Currently we accidentally "support" -fshort-wchar on architectures
that happen to use __WCHAR_TYPE__ to define wchar_t. Would it make
sense to add something like a static assert to alltypes.h that checks
that sizeof(wchar_t) >= 4?
Peter
On Mon, Feb 06, 2023 at 05:15:08PM -0800, Peter Collingbourne wrote:
> On Sun, Feb 5, 2023 at 3:49 PM Rich Felker <dalias@libc.org> wrote:
> >
> > On Sun, Feb 05, 2023 at 09:00:03PM +0100, Markus Wichmann wrote:
> > > On Sat, Feb 04, 2023 at 08:08:36AM +0100, alice wrote:
> > > > On Sat Feb 4, 2023 at 7:30 AM CET, Peter Collingbourne wrote:
> > > > > When building with -fshort-wchar the definition of wchar_t is
> > > > > incorrect.

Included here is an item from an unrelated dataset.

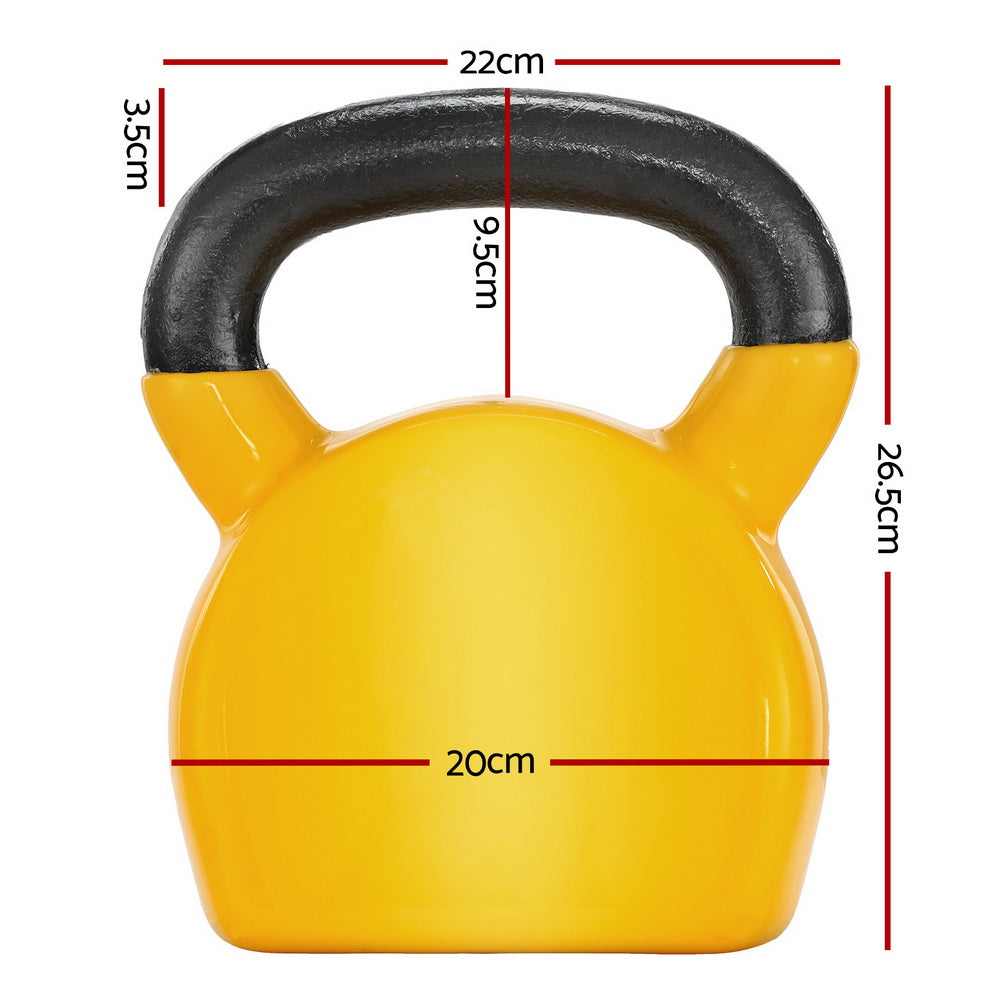 Kettlebell Set Weightlifting Bench Dumbbells Kettle Bell Gym Home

Get the correct definition from the compiler if available.
> > > > >
> > > > > This is useful when reusing the freestanding parts of musl on a
> > > > > bare-metal target that uses -fshort-wchar.
> > > >
> > > > somebody talked about this in 2015, see
> > > > https://www.openwall.com/lists/musl/2015/02/18/2
> > > > for the previous discussion.
> > > >
> > > > i understand in this case it's proposed a little different-
> > > > "reusing freestanding parts" as opposed to building a whole libc.so, but in
> > > > that case you could most likely patch this in when reusing it standalone only?
> > > >
> > > > it doesn't seem a good idea for it to be there, in general.
> > >
> > > Seconded. A lot of code in musl depends on wchar_t being able to hold
> > > the current maximum Unicode codepoint of 0x10FFFF at least, so the type
> > > must be at least 21 bits.
> >
> > Absolutely. -fshort-wchar requests a different ABI that is
> > fundamentally incompatible with libc and with use of the libc headers,
> > and also fundamentally incompatible with Unicode and the requirements
> > of the C language (unless you only want to support the BMP) -- C does
> > not allow "multi-wchar_t characters".
> >
> > If you're targeting freestanding environment not using libc, you
> > should use -nostdinc and provide headers suitable to your environment
> > instead of the libc ones. But really you should fix the offending code
> > not to use wchar_t for UTF-16, and not use -fshort-wchar. Modern C has
> > a char16_t type for this purpose.
>
> Thanks, I agree with this and the other replies that I got. It did
> seem at first that musl could be used unmodified in projects that
> build with -fshort-wchar, but given the implications of a UTF-16
> wchar_t for the code that implements <wchar.h>, it makes more sense
> for this flag to be unsupported by musl and for any utilizing projects
> to be fixed to not require -fshort-wchar.
>
> Currently we accidentally "support" -fshort-wchar on architectures
> that happen to use __WCHAR_TYPE__ to define wchar_t. Would it make
> sense to add something like a static assert to alltypes.h that checks
> that sizeof(wchar_t) >= 4?
If you count target-specific options, GCC probably has hundreds of
options that produce incompatible/broken ABIs. We certainly don't have
the means to trap all or even most of them. In the case of most,
including -fshort-wchar, GCC documents this:
"Warning: the -fshort-wchar switch causes GCC to generate code
that is not binary compatible with code generated without that
switch. Use it to conform to a non-default application binary
interface."
so I don't really think any action is needed.
Rich